Según ha podido confirmar El Salto, allí trabajan –entre músicos y personal administrativo– 104 personas. Todas ellas dependen del Gobierno vasco, ya que se trata de una sociedad pública que se financia con capital del Ejecutivo autonómico y que, por tanto, está supeditada a las decisiones que se adopten desde ese ámbito.

“No hay soluciones. Hasta aquí hemos llegado”, dice Xabier Udabe, portavoz del sindicato ELA.

Su mezcla de cansancio y hastío tiene una clara explicación: el conflicto entre el personal de la OSE y el Gobierno Vasco se arrastra, como mínimo, desde 2010. Políticamente hablando, empezó bajo la efímera gestión de Patxi López (PSE), quien supo gobernar con el apoyo del PP, y se arrastró durante las dos gestiones de Iñigo Urkullu (PNV), quien hoy gobierna junto (y gracias) a la sucursal vasca del partido de Pedro Sánchez.

Ni unos ni otros lograron llegar a un acuerdo que atendiese las demandas de la plantilla. Por el contrario, el conflicto creció casi al mismo ritmo que los recortes aplicados por el Gobierno vasco. “Además de sufrirlo en las condiciones laborales y los salarios, también hemos visto desaparecer puestos de trabajo”, relata Udabe.

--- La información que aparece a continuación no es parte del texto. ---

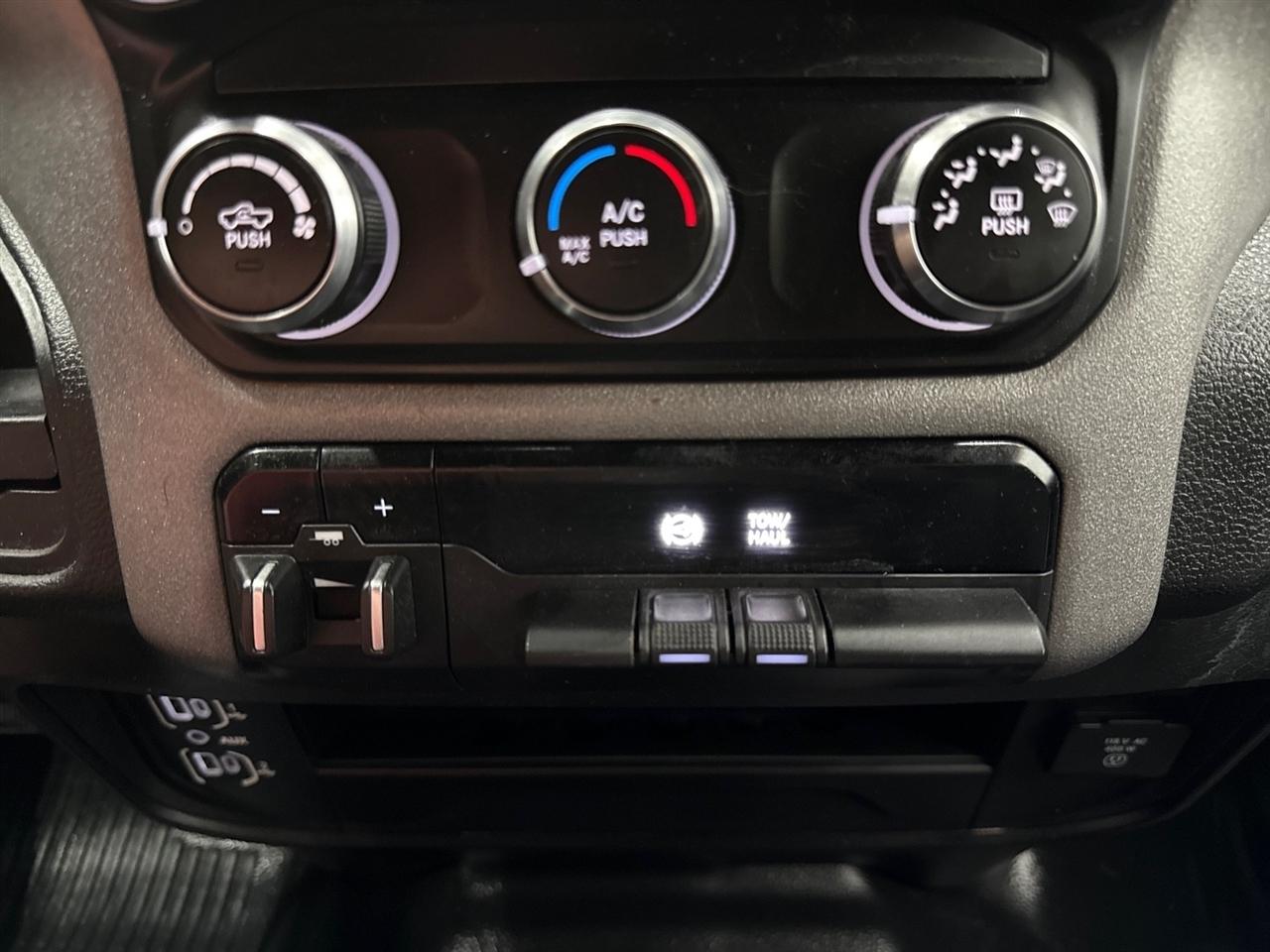 RAM 3500 Tradesman Crew Cab 4WD DRW 2024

Ahí radica, precisamente, uno de los problemas: en 2010, el Gobierno vasco de la época borró de un plumazo cuatro puestos de trabajo, todos ellos correspondientes a músicos. “Decimos que fue ilegal porque esas plazas desaparecieron mediante la aplicación de un decreto que no podía utilizarse en sociedades públicas”, dice el sindicalista. Siete años después, sus palabras suenan a indignación.

Del máster a la orquesta

El personal de la OSE denuncia, además, que no se cubren vacantes. En su lugar, el Gobierno vasco apuesta por una práctica de dudosa legalidad: “Se implica de manera fraudulenta a estudiantes que pagan 6.000 euros por un máster y luego cubren puestos estructurales” en la compañía, según el portavoz de ELA.

Al mismo tiempo, las cuentas de la OSE siguen ofreciendo cifras reveladoras. De acuerdo a los datos que maneja este sindicato, el “recorte realizado en el gasto” ha permitido al Gobierno vasco “ahorrar 1.500.000 euros en salarios entre 2012 y 2015”. Por tales motivos, la organización obrera sostiene que actualmente “prima el criterio de reducir el gasto sobre el objeto para el que fue creado la Orquesta: la calidad musical y la labor social”.

Para Udabe, la actuación de la administración autonómica podría resumirse en una frase: “Muchas promesas y pocos hechos”.

De ahí que el día 18 empiece una huelga que –según señala el portavoz sindical- podría paralizar la agenda elaborada por la Asociación Bilbaína de Amigos de la Ópera (ABAO) a partir de ese día, con Don Pasqualede Donizetti como atracción principal. “El planteamiento es que a partir de esa fecha cese toda actividad. Hay cuatro conciertos programados más los correspondientes ensayos, y todo eso podría suspenderse”, subrayó.

En ese contexto, la OSE ha anunciado que se mantendrá en lucha hasta que consiga “firmar un convenio que recoja las reivindicaciones del colectivo”. O lo que es lo mismo, que “garantice el empleo y la estabilidad de la plantilla y ponga fin a la política de recortes en la Orquesta de Euskadi”. Mientras tanto, la banda dejará de tocar.